Everything before the line containing "this 474×355 image." stays out; print that line and all lines below it through the last, exactly.

→ Record set:

-- Opening Marker --

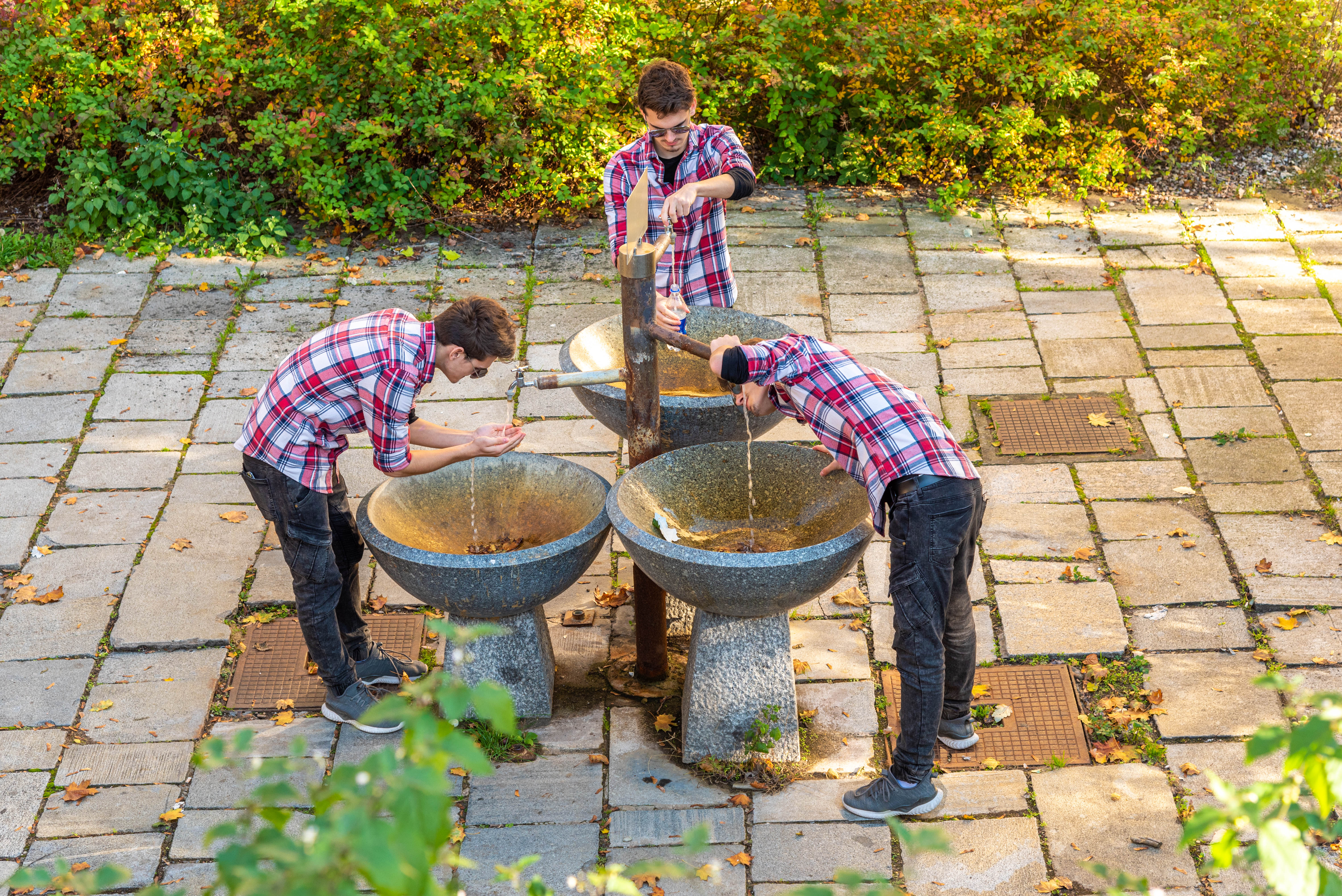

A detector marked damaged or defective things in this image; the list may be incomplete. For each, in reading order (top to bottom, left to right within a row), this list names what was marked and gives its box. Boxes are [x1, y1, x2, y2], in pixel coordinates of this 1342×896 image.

rusty manhole cover [988, 397, 1133, 456]
rusty manhole cover [225, 612, 424, 708]
rusty manhole cover [880, 665, 1089, 772]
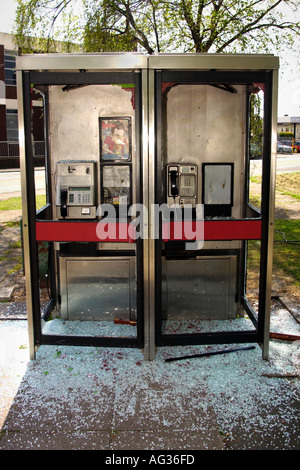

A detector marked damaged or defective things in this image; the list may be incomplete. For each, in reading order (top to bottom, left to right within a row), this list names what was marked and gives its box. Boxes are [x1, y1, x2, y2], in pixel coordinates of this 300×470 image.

damaged enclosure [16, 53, 278, 360]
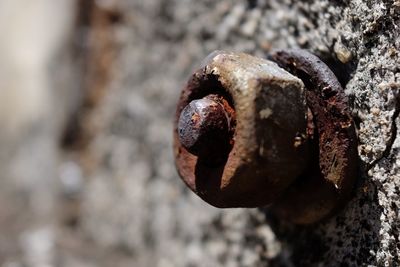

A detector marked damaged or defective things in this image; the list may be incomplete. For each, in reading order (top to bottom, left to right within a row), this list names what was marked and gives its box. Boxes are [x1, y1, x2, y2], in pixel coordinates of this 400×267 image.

rusty metal bolt [173, 49, 358, 224]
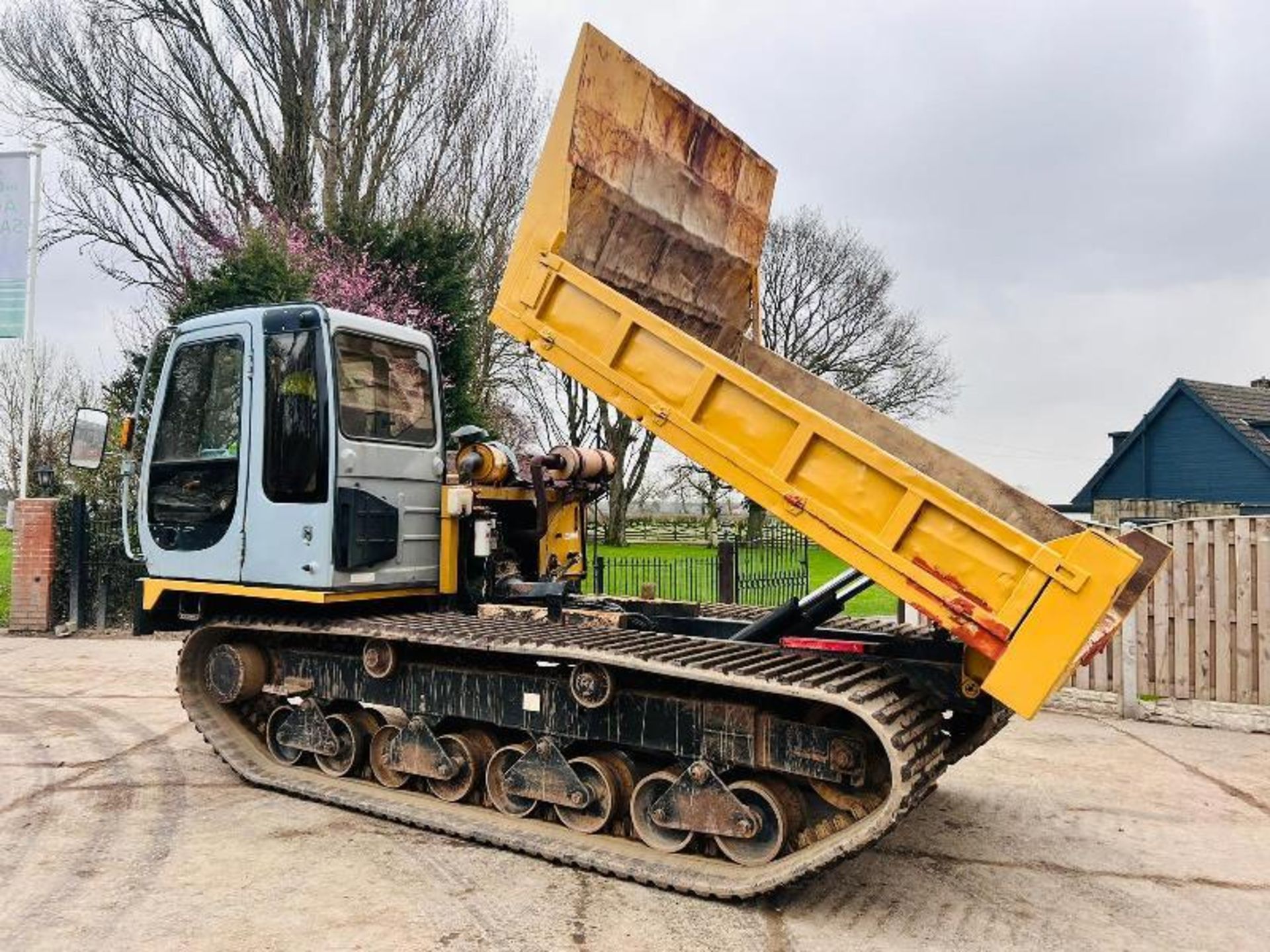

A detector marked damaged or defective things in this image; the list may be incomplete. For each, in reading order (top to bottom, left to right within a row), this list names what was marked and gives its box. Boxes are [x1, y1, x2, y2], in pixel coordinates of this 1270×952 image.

rusty dump bed interior [487, 26, 1168, 721]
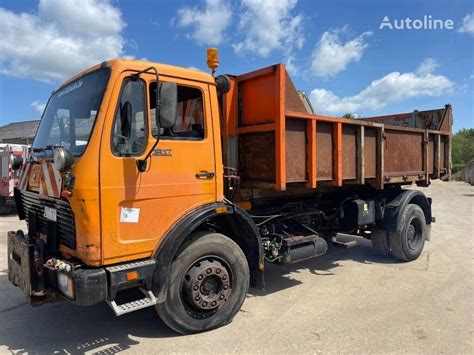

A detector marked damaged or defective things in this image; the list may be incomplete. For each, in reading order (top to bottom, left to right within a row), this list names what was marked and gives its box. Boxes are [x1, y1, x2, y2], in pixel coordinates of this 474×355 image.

rusty dump body [221, 64, 452, 197]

-- Closing Marker --

→ Written solution:
A detector marked damaged or defective things in this image; the list may be incomplete. For each, in reading order (top to bottom, left to right within a row), this list names what was marked and gives its box. Boxes are [x1, y1, x2, y2], in pixel coordinates of this 474×355 image.

rusty dump body [221, 64, 452, 197]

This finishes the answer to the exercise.